Direktur Politeknik Negeri Madiun, Muhammad Fajar Subkhan, menuturkan Politeknik Madiun menjadi salah satu penerima program Competitive Fund untuk program D-2 jalur cepat. “Alhamdulillah kita bertemu dengan mitra SMK yang betul-betul mendukung, yaitu SMK PGRI 1 Mejayan. Kami juga bertemu industri yang punya komitmen yang kuat, yaitu PT INKA. Jadi kami sudah melaksanakan perjanjian kerja sama yang didukung dan dinaungi industri,” terang Fajar.

Diakui Fajar, tidak banyak perguruan tinggi vokasi yang menghasilkan lulusan diploma 2. “Jumlah lulusan sarjana terapan dengan lulusan sarjana belum seimbang.

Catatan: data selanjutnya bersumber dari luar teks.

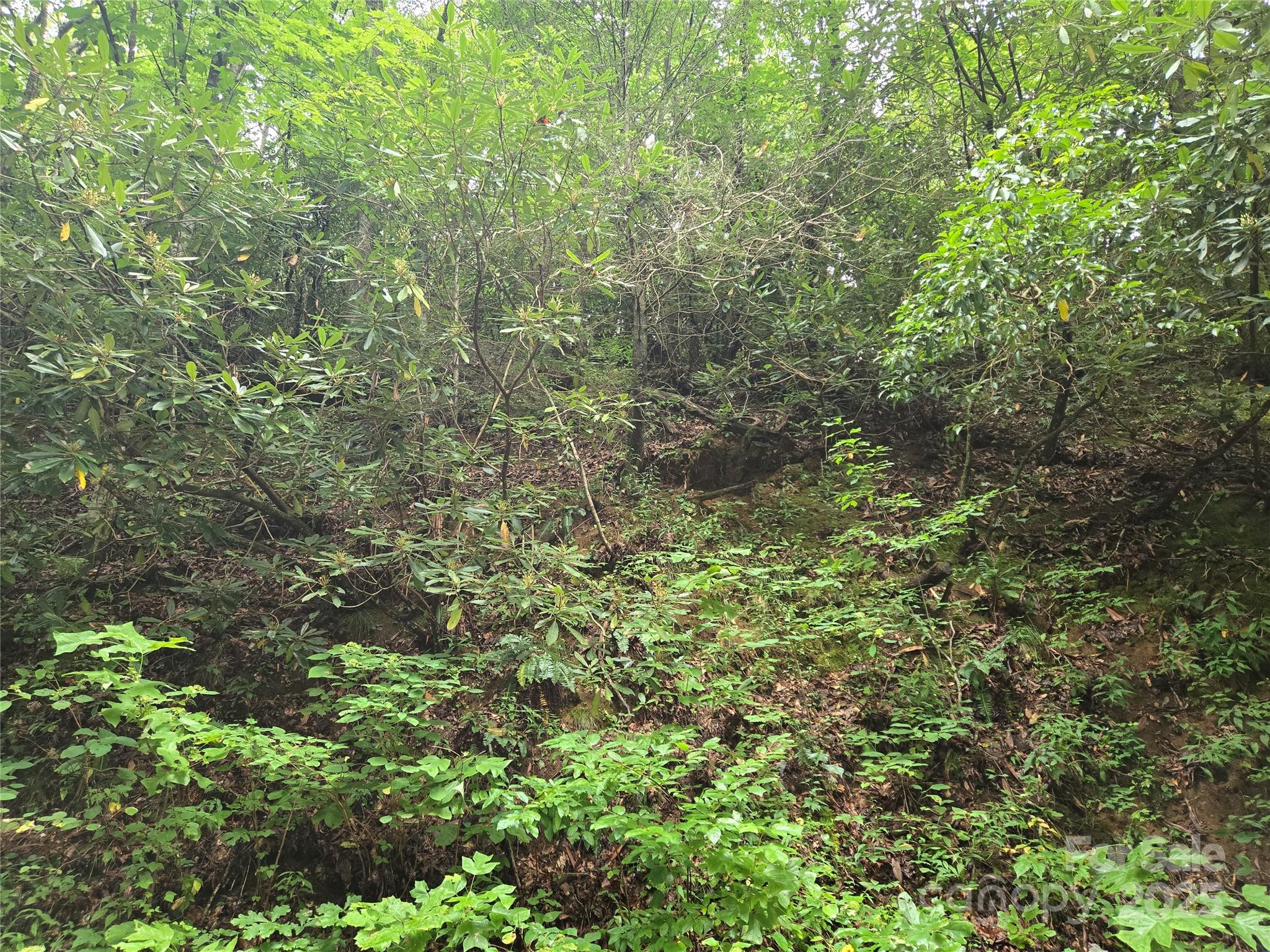 147 Hummingbird Hollow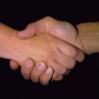 2 hands clasped in a handshake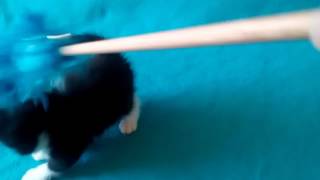 Exotic shorthair kittens by Gerdiacats Cattery 60 views 6 years ago 49 seconds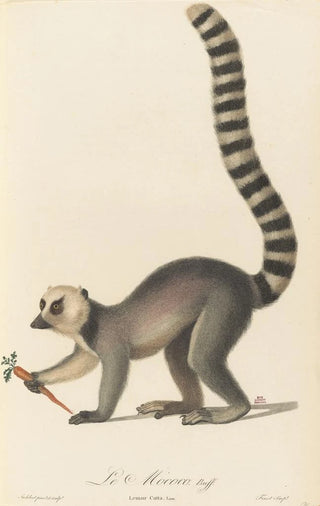 JeanBaptiste Audebert - Le Mococo.webp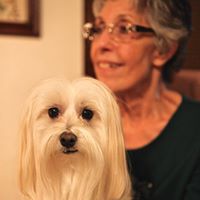 Carolyn Wood Photo 47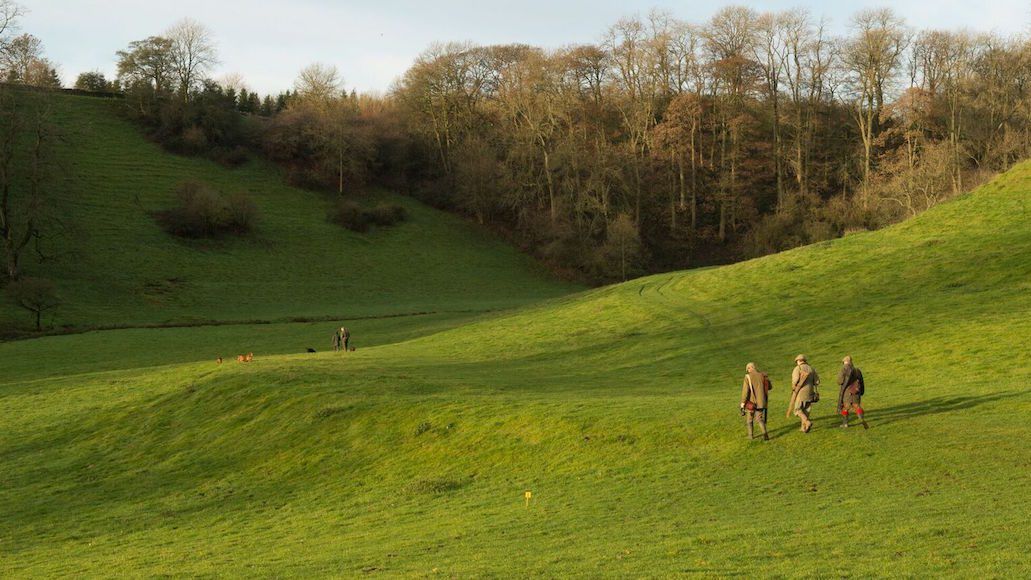 The finest countryside activities within a stone’s throw of the capital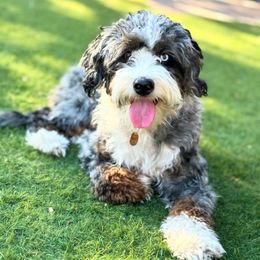 Tilly - Bernedoodle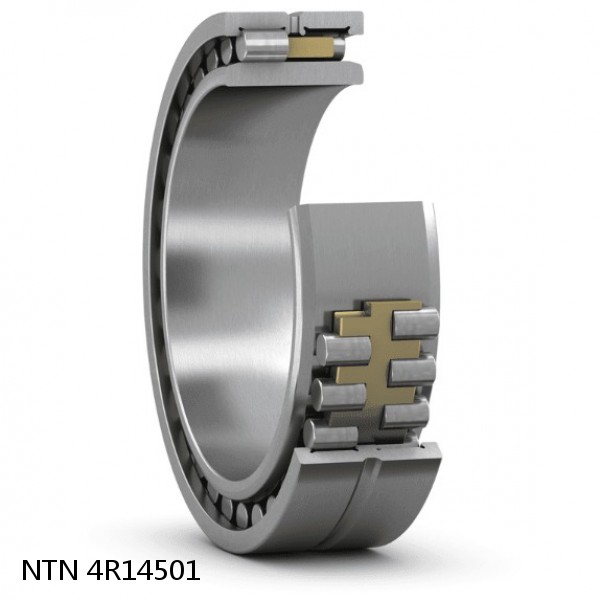 4R14501 NTN Cylindrical Roller Bearing #1 image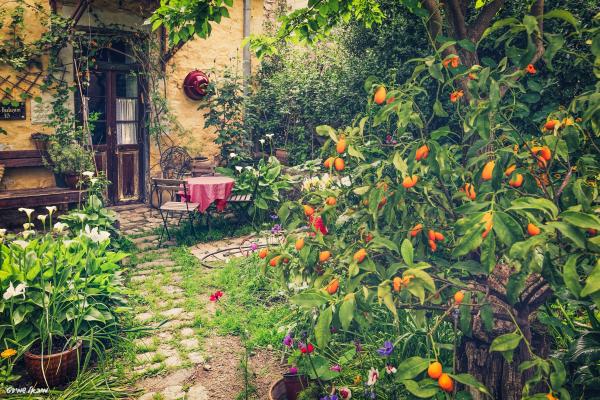 הזמנה לפיקניק.. – מיכאל שמידט | תמונה לסלון בסגנון כפרי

Hanya sekitar 0,5 % dari seluruh lulusan diploma-1 sampai sarjana, maupun sarjana terapan di perguruan tinggi di seluruh Indonesia yang lulus dari D-2. Jadi, jumlahnya sangat kecil sekali, kurang dari 1%, Maka perlu akselerasi untuk menyiapkan sumber daya yang lulus dari diploma 2,” tuturnya.

Diterangkan Fajar, pada Politeknik Madiun terdapat Prodi D3 Pembentukan Logam. “Pembentukan logam itu adalah core business, proses produksinya di INKA. Kami melibatkan pengajar-pengajar dari PT INKA. Harapannya, ketika lulus nanti, mahasiswa tidak hanya bisa melakukan pembentukan logam untuk kereta api saja, tetapi juga untuk manufaktur lain, seperti mobil. Sehingga, apabila bekerja di tempat lain, tetapi butuh keahlian pembentukan logam, bisa mencari di tempat lain,” tutur Fajar.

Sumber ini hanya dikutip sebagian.